I’m new to ML and PyTorch in particular so might’ve missed something but please help me understand what’s happening.

I have a simple model. It learns pretty well and pretty quickly reaches 100% accuracy but in the span of just two epochs it completely deteriorates. Loss shoots way up and accuracy becomes 0%. I’ve seen spikiness in my previous attempts and elsewhere on the internet. I’ve also seen a few question about this on StackOverflow and here on this forum but I haven’t seen an explanation of the phenomenon, at least not a one I can understand yet.

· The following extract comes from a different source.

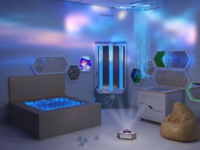 Комплект оборудования для сенсорной комнаты 10.5 м² - fgospostavki.ru - Зеленогорск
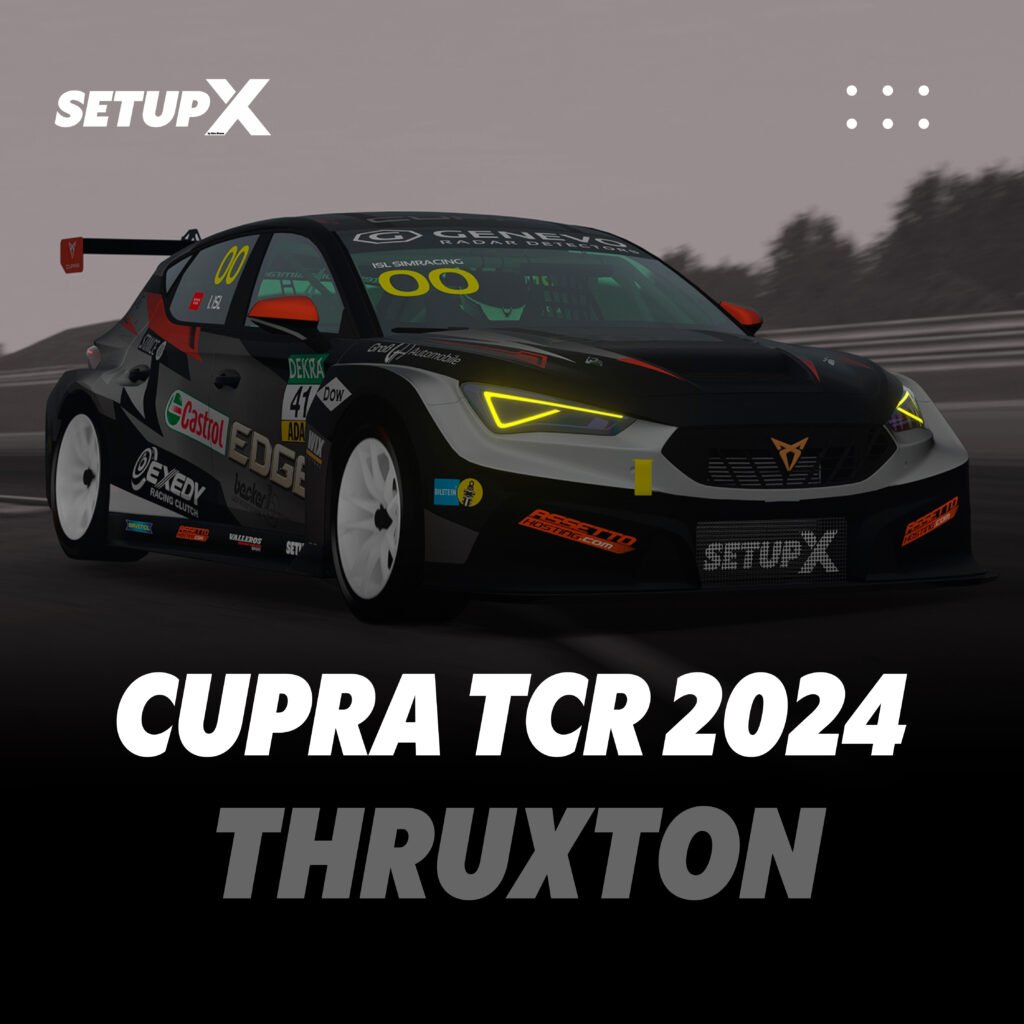 CUPRA TCR 2024 Thruxton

I have a Sequential model. I use SoftMarginLoss (I also tried MSELoss with about the same result) for loss function and Adam for optimiser. I have about 65k data points in total. I randomly select a quarter of the dataset for training in each epoch and 1000 points for testing.

This is a plot of Loss and Accuracy. As you can see, on epoch 41 accuracy tanks to 0 and loss shoots up to 0.8, higher even than the first epoch. It recovers to 0.69 but stays there for a long time. Can someone please explain what’s going on here?

ptrblck · May 12, 2024, 4:20pm

An accuracy of 0 is not expected even if the model diverges as it would be worse than a random predictor. I don’t know what kind of use case you are working on but e.g. in a binary classification use case you could just invert the predictions to achieve an accuracy of 100, so you should check what the random accuracy would be and why your model gets worse than that.

pointlessone · May 12, 2024, 8:14pm

The model is supposed to predict a series of binary outputs. An accuracy of 0% means that at least one of the outputs is not close enough to expectation. It doesn’t mean that all outputs are the opposite but it’s an intriguing idea and I will check if that’s actually the case. I’m probably not using “accuracy” in the industry-standard way so might be a bit confused about that.

I wonder though about the loss. Isn’t optimizer supposed to press it towards 0? Why does loss jump so high and can’t get back down?